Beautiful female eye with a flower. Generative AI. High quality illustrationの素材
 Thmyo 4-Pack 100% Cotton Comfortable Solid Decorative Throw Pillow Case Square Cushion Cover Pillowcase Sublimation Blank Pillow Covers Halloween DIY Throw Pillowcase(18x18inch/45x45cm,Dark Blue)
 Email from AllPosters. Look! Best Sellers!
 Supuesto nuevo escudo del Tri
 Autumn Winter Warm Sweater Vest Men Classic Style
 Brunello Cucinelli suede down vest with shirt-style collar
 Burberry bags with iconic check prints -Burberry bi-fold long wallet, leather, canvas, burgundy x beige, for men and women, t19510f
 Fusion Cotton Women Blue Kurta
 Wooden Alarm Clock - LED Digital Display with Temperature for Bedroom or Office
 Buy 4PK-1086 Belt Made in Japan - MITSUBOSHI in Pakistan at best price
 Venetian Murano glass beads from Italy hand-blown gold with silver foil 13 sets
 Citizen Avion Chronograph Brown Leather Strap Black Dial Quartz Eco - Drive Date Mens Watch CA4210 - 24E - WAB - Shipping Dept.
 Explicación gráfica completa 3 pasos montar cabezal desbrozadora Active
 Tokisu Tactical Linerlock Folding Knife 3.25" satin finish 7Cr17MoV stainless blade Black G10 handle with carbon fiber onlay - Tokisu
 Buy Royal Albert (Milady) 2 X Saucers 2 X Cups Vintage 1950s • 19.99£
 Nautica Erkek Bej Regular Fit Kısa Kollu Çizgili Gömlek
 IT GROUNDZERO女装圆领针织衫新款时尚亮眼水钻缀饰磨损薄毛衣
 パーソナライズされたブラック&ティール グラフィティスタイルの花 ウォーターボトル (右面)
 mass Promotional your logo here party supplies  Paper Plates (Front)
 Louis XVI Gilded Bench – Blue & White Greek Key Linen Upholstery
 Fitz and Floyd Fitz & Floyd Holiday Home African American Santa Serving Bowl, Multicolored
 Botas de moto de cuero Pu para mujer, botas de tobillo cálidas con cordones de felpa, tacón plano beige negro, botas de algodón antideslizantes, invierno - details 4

########################################

▸ **THE TASK**
Beginning with the very first line of the material above, give each line again exactly, ending with the line that contains "Autumn Winter Warm".

▸ **SOLUTION FOR THIS TASK**
Beautiful female eye with a flower. Generative AI. High quality illustrationの素材
 Thmyo 4-Pack 100% Cotton Comfortable Solid Decorative Throw Pillow Case Square Cushion Cover Pillowcase Sublimation Blank Pillow Covers Halloween DIY Throw Pillowcase(18x18inch/45x45cm,Dark Blue)
 Email from AllPosters. Look! Best Sellers!
 Supuesto nuevo escudo del Tri
 Autumn Winter Warm Sweater Vest Men Classic Style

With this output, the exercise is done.